So, central bankers are beginning to wonder if the US can pull off “another Volcker.” Even Paul Volcker himself, who is still alive, doubts it. Today, too many people owe too much money and too many political favors. Put up rates to 18% today? Unthinkable. Cut 10% off government spending? Impossible.
But don’t worry about it. Now, we’re not threatened by inflation…but by depression!
It’s fighting the depression that makes people worry. Smart investors and shrewd central bankers are afraid the depression-fighters will go too far…that they don’t really know what they’re doing.

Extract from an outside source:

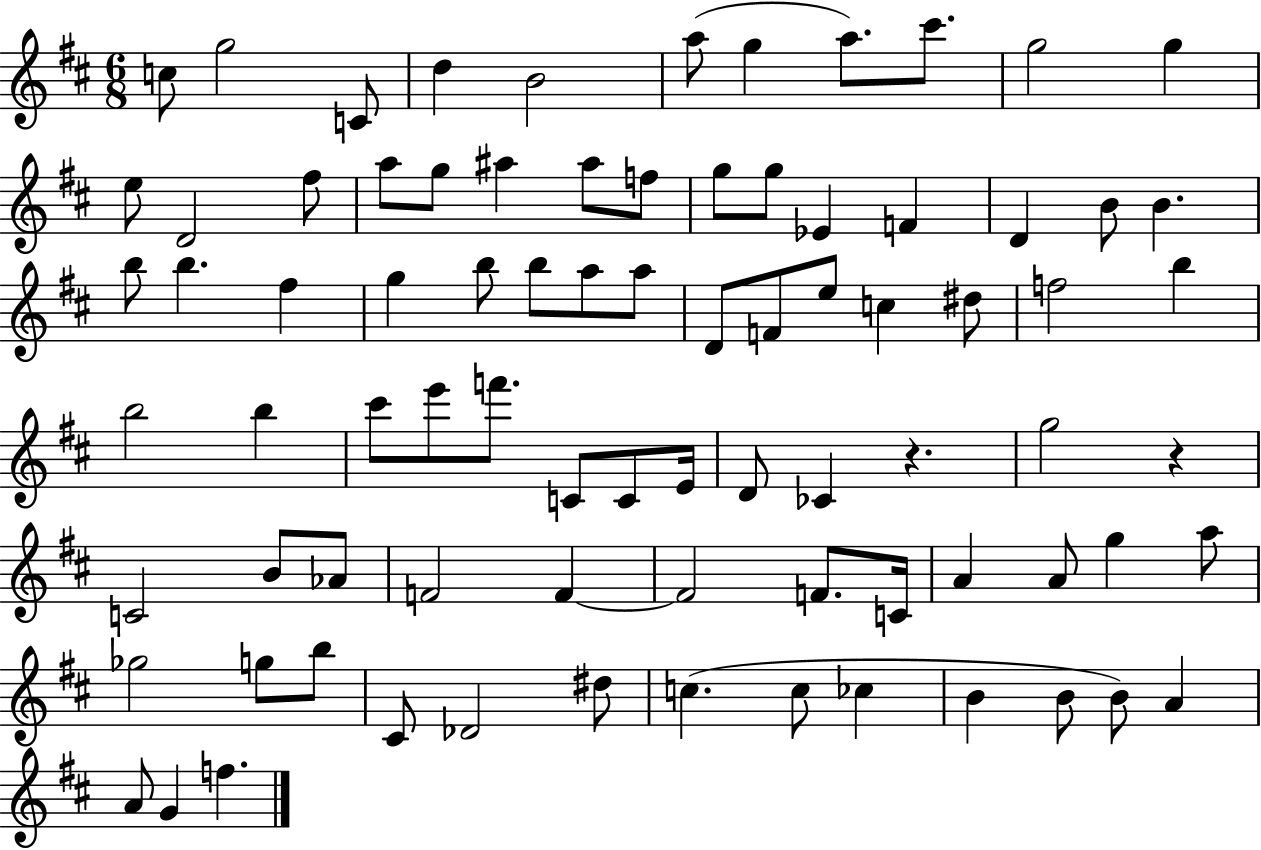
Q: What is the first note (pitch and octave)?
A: C5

Ben Bernanke is up for re-appointment. “Bernanke fights for 2nd term,” says The Wall Street Journal. Does he know what he is doing? Well, no. He was wrong about the biggest single event in recent financial history. He thought the 2004-2007 super bubble was actually a period of “great moderation” brought about by his own superior monetary policies! He was still patting himself on the back when it blew up in his face.

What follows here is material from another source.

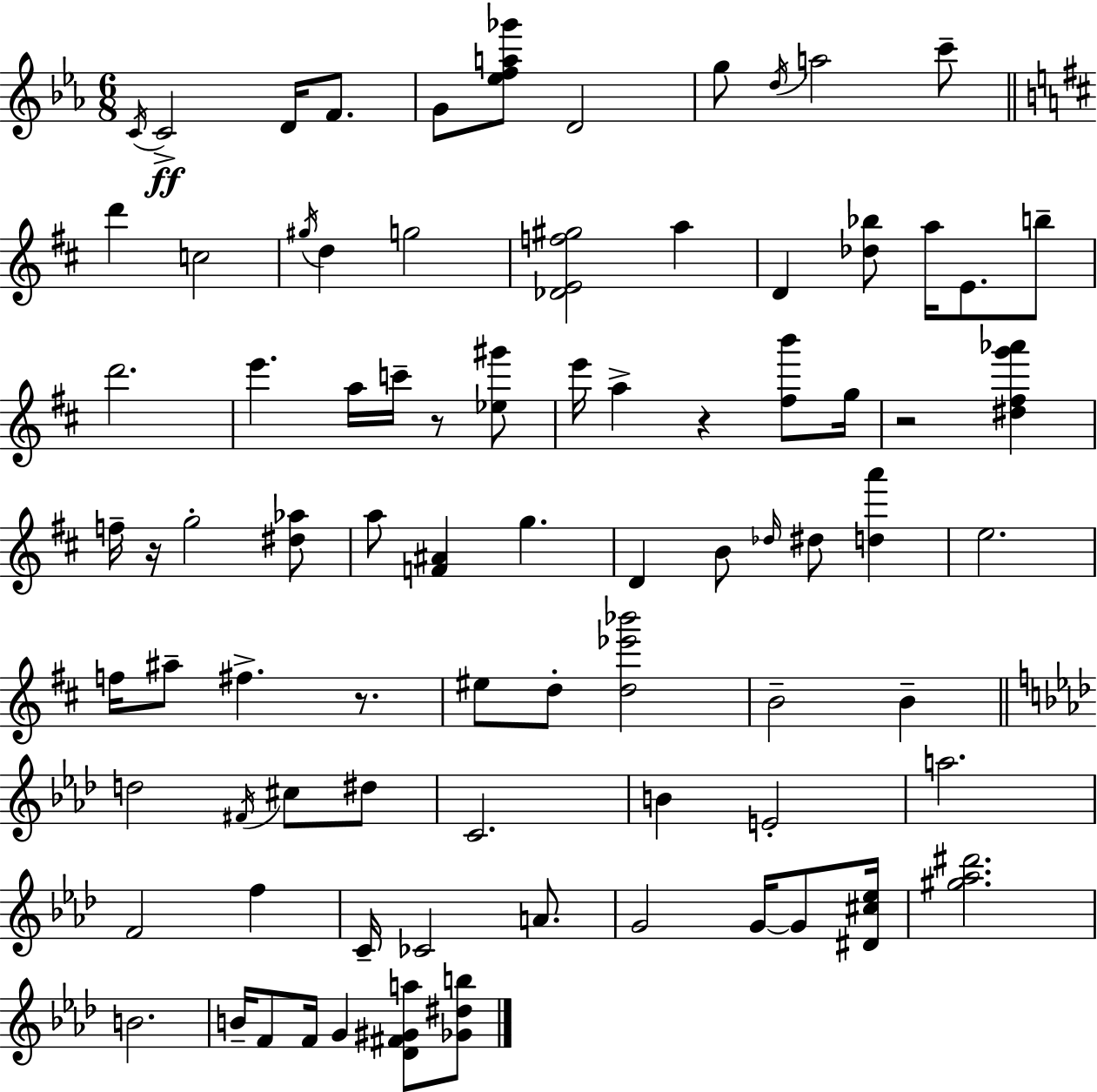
C4/s C4/h D4/s F4/e. G4/e [Eb5,F5,A5,Gb6]/e D4/h G5/e D5/s A5/h C6/e D6/q C5/h G#5/s D5/q G5/h [Db4,E4,F5,G#5]/h A5/q D4/q [Db5,Bb5]/e A5/s E4/e. B5/e D6/h. E6/q. A5/s C6/s R/e [Eb5,G#6]/e E6/s A5/q R/q [F#5,B6]/e G5/s R/h [D#5,F#5,G6,Ab6]/q F5/s R/s G5/h [D#5,Ab5]/e A5/e [F4,A#4]/q G5/q. D4/q B4/e Db5/s D#5/e [D5,A6]/q E5/h. F5/s A#5/e F#5/q. R/e. EIS5/e D5/e [D5,Eb6,Bb6]/h B4/h B4/q D5/h F#4/s C#5/e D#5/e C4/h. B4/q E4/h A5/h. F4/h F5/q C4/s CES4/h A4/e. G4/h G4/s G4/e [D#4,C#5,Eb5]/s [G#5,Ab5,D#6]/h. B4/h. B4/s F4/e F4/s G4/q [Db4,F#4,G#4,A5]/e [Gb4,D#5,B5]/e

And now, he still thinks the way to solve a problem caused by too much debt is to offer more debt. Of course, it didn’t work for the Japanese. It won’t work for us. But what we don’t know is HOW it won’t work.
That is big question. Will the feds simply retard a real recovery…with their bailouts and boondoggles…causing a long, slow motion depression, a la Japan? (In this case, gold may not be the one- way bet the smart money thinks.) Or will they tip the world into a hyperinflationary catastrophe, like the Weimar Republic in the ’20s or Argentina in the ’80s?